Avec la sortie en librairie du nouveau volume en français des aventures du jeune sorcier le plus célèbre de la littérature mondiale, Harry Potter et le Prince de Sang-Mêlé, la mécanique du marketing qui fait tapage risque de nous faire prendre en grippe un succès littéraire mérité. Quelle que soit notre affinité avec un genre bien particulier, entre récit pour enfants et roman fantastique, on doit reconnaître que J. K. Rowling, l’auteur de la saga, maîtrise bien son métier d’écrivain. Elle le maîtrise si bien qu’elle entraîne, au fil des romans, son public dans des directions qu’on n’aurait pas soupçonnées à lire le premier volume, il y a maintenant huit ans.

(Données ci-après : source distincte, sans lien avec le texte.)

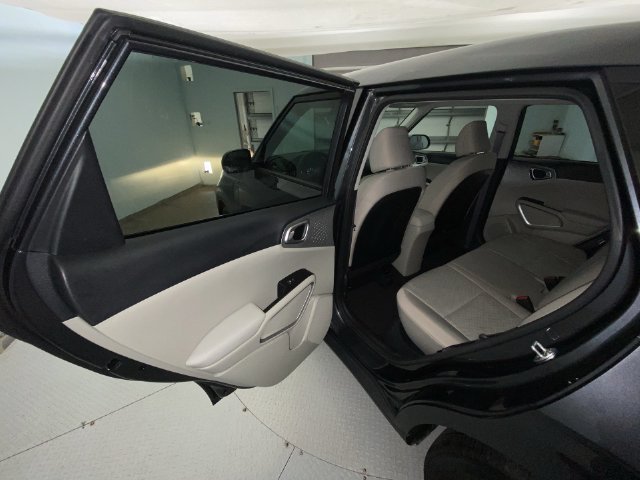 Used 2022 Kia Soul LX FWD image 21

Harry Potter à l’école des sorciers (une traduction d’emblée plus innocente que le titre original, Harry Potter et la pierre du sorcier) était un joli conte à la Dickens sur l’espoir d’un orphelin. Avec les trois derniers volumes, le changement de décor est spectaculaire : nous voici aux prises avec la mort, la politique, la violence et le mal, dans un univers auquel le dernier volume donne des connotations extrêmement sombres puisqu’il se termine tragiquement et qu’Harry quitte brutalement l’enfance en s’excluant de ce lieu heureux qu’a été pour lui son école des sorciers.

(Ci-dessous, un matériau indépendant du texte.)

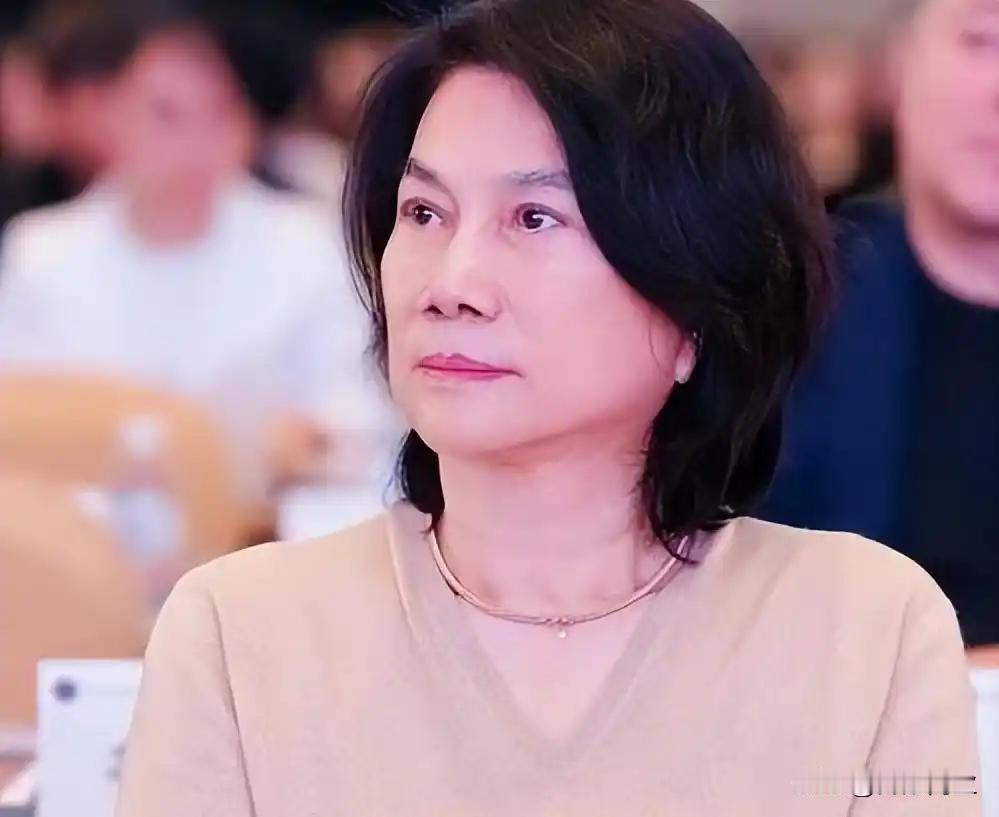 董明珠又卸任了据企查查消息，格力电子商务有限公司近日完成工商变更，董明珠卸任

On l’a peu remarqué en effet, mais le monde d’Harry Potter est un monde magique sans véritable magie, en ce sens qu’il s’agit d’un univers intégralement laïcisé. La sorcellerie n’est jamais représentée comme un moyen d’échapper à l’humanité ou de défier un dieu singulièrement absent de ces volumes. Dans le dernier volume, cette laïcisation est absolue, puisque même la divination est réduite à sa plus simple expression.

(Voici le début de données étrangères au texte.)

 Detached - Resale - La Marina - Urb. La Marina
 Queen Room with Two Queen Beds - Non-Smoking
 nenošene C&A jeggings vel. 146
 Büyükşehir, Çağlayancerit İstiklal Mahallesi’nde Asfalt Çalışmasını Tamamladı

La thématique de la prophétie, qui avait encore quelques airs de surnaturel, est purement et simplement balayée par l’auteur, au risque d’une petite contradiction, puisque ce thème jouait un rôle non négligeable dans le tome précédent.
La sorcellerie n’est pas une puissance occulte. Elle est un don, une condition une sorte de mutation, pour ainsi dire. Ce don, il faut l’entretenir, l’éduquer, le civiliser en quelque sorte : c’est à cette fin que sont établies des écoles de magie, d’onéreuses Public schools anglaises qui n’ont rien de nos démocratiques écoles de la République. C’est ce qui rend l’univers magique si humain, car ces sorciers repassent leurs formules magiques comme tous les enfants du monde repassent leurs leçons pour l’école du lendemain, et ces internes sont nostalgiques de leur famille, mais aussi un peu soulagés d’être loin d’elles, comme tous les internes du monde.
Avec Harry Potter, la magie ne change rien au monde, ni aux sentiments que les êtres humains éprouvent l’amour, l’amitié, la fierté, la timidité, la haine, le mépris, le racisme, l’ambition et tout particulièrement l’ambition politique. Elle les rend parfois plus compliqués, ou plus artificiels grâce aux philtres d’amour ; elle ne les transforme pas.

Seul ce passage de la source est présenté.